Jude Bellingham's Real Madrid position offering Gareth Southgate's England a new dimension
Despite what his detractors may have you believe, Gareth Southgate has turned the Three Lions into one of the best teams in the world. A semi-final at the 2018 World Cup, a quarter-final in Qatar, the country's first European Championship final inbetween, where only a penalty shoot-out stopped them lifting the trophy.
Still it felt like there was something missing.
In those biggest of big games, England just lacked that extra ingredient to break down Croatia, France and Italy.
One of the best teams in the world, one of the best in Europe, certainly, felt like selling a squad so packed with talent – admittedly not as evenly spread as anyone would ideally like – short.
Now, courtesy of Jude Bellingham, England have that little bit extra.
They had Bellingham in Qatar, but that was Bellingham the box-to-box midfielder. This season's version plays in the hole behind the striker.
They had a world-class player before – Harry Kane, golden boot winner in 2018 – and no shortage of flair players – Jack Grealish, Phil Foden, Marcus Rashford and more recently James Maddison – but within Southgate's 3-4-2-1, then 4-3-3, it just felt a bit too rigid, too restrained.
Then Bellingham moved to Real Madrid.
Southgate has been very lucky he has world-class managers to show him how to get the best out of some of his players – Liverpool's Jurgen Klopp with Trent Alexander-Arnold, Pep Guardiola's use of John Stones at Manchester City.

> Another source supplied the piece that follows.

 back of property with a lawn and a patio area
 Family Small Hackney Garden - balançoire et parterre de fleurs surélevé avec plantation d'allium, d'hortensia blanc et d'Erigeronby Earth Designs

Carlo Ancelotti has unlocked something extra in the versatile Bellingham by playing him as Madrid's “No 10” between the lines of midfield and attack. Ten goals in his first 10 appearances basically forced Southgate's hand – 4-2-3-1 it is.
From there, Bellingham seized the European Championship qualifier against Italy and dragged England to a 3-1 win.
The 20-year-old showed leadership and a fondness for the big stage reminiscent of Wayne Rooney in 2004 or Michael Owen in 1998. As the fantastically-gifted Gianfranco Zola remarked afterwards, he “was still drinking milk from my mum” at that age, although when Bellingham burst out laughing he did add, red-faced: “not directly”.
It was Bellingham who won the penalty Kane was presented with to cancel out Gianluca Scamacca's sloppily-conceded opener and we all know how Harry Kane penalties pan out when he is wearing the Three Lions. First ones, anyway.
It was Bellingham's tackle, run and pass that released Rashford – possibly England's last wunderkind – to score the second.
It was by no means Bellingham's first good game for England, nor his first big game. This one felt significant, though, albeit not as significant as if he plays like that in a knockout game in Germany, by which time Madrid may well have got him some experience of playing at the sharp end of the Champions League.
“It’s all about delivering,” said the Midlander, and it applies as much to him as it does the master qualifiers yet to win a major tournament since 1966 and all that. “It’s all about when the time comes, being there, being present, being ready to take on the challenge.”
Suddenly, with Maddison growing in confidence at Tottenham Hotspur, Bukayo Saka blossoming into one of the best right wingers there is, Declan Rice getting new experiences alongside him at Arsenal, Alexander-Arnold's development as a midfielder giving more scope to his great passing ability and fewer headaches about how to shoehorn him into the side, and Stones an option to step out of defence, Southgate has more cards to play. Kane, Kyle Walker and Jordan Pickford remain bankers.
“There’s a great mix of experience who guide us throughout the game and throughout the camps and there is a belief that we could do something special,” commented Bellingham who, with 27 caps already, is hardly as callow as his birth certificate says he ought to be.
A little more competition in central defence, goal, holding midfield and for Luke Shaw when he gets fit would be lovely but maybe we should not get too greedy. Every international squad has holes.
It will mean nothing if England fall short again at the sharp end of what could be Southgate's farewell tournament, but he has done the hard yards creating a framework and a squad of players who seem to regard playing for their country as a privilege, not a favour to the nation and the people managing their brands as it sometimes felt during the Golden Generation.
There have been times during Southgate's seven-year reign – in the games where quality really counts – that England have once more not quite looked the sum of their parts. Bellingham in particular has the potential to change that.
Please God let his metatarsals stay in one piece until July 15.